Этот бывший детдомовец и сирота, бывший суворовец и прекрасный переводчик, познавший с детства всю грязь мира, еле выживший, а позже обретший своё счастье в жене, в дочке, в работе, объездивший вместе с женой многие страны, о которых только мечтали его сверстники, не прошел, не мог пройти и мимо крушения его страны, его империи. Его как бы дважды ударили с размаху головой о бетонную стену. И новые трагические стихи сошлись вместе: смерть жены и смерть державы. Имперский поэт не предает своей империи. Любимый не хочет забыть о своей любимой. Критик Сергей Чупринин явно не прав, выводя поэта за пределы гражданственности и государственности. Даже в самых трагических строчках, в его грустных элегиях Русаков неотделим от своей земли и своей державы. Он сам понимает неразрывность своих трагедий: "А потом — это совпало с рушащимся миром и внутри меня, и вне. Вдруг у меня не стало страны. Я, как и многие, жил гордым чувством принадлежности к одной шестой мира. Мы были готовы, что всё будет меняться, но не так же хамски, не так зловеще…"
Имперской нежностью мне стискивает грудь -
Я тоже по земле ходил державным шагом.
Ах, этот шёлковый, бухарский этот путь,
И ветер Юрмалы с напругом и оттягом!
Я малой малостью на свете не владел,
Но жалко общности… Земли всегда хватало.
Переточилась нить и близится предел
Единству языка и рыхлого металла.
Прощай, империя. Я выучусь стареть.
Мне хватит кривизны московского ампира.
Но как же я любил твоих оркестров медь!
Как называл тебя: "Моя шестая мира!"
С Людмилой Копыловой он познакомился, учась в Литературном институте. Это, как я понимаю, была его главная удача в жизни. Впрочем, и Людмила нашла свое счастье. Так бы и жить дальше долго и счастливо, растить детей, затем внуков, и умереть в один день. Творить сказку в нашей всегда нелегкой жизни. Об этом соблазне повторения мечтается поэту и поныне :
Любимая, мы долго будем жить.
Потом умрем, но вместе и не скоро.
И скажем, где нас рядом положить —
Там, где тебя зарыли, у забора…
Читатель обратит внимание, как с мрачной, могильной тяжестью переворачивает последняя строка легкость и воздушность всех предыдущих?

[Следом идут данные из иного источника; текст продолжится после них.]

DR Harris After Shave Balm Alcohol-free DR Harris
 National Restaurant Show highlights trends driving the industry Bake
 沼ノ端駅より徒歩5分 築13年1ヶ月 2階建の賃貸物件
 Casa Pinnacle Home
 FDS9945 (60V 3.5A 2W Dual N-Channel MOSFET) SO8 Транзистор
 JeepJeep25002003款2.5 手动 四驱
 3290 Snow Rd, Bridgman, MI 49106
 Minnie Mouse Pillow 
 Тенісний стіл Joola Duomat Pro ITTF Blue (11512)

Что это за книга, которая пишется, словно на исповеди, но при этом дерзка, как манифест бунтаря? И как вообще можно было так долго, годами, писать такую трагическую книгу умирания? Не литературная ли это игра, когда и смерть становится важной поэтической темой с бесчисленными отступлениями? Геннадий Русаков вдруг обрел новое высшее качество своей поэзии и решил не отступать от заданной темы?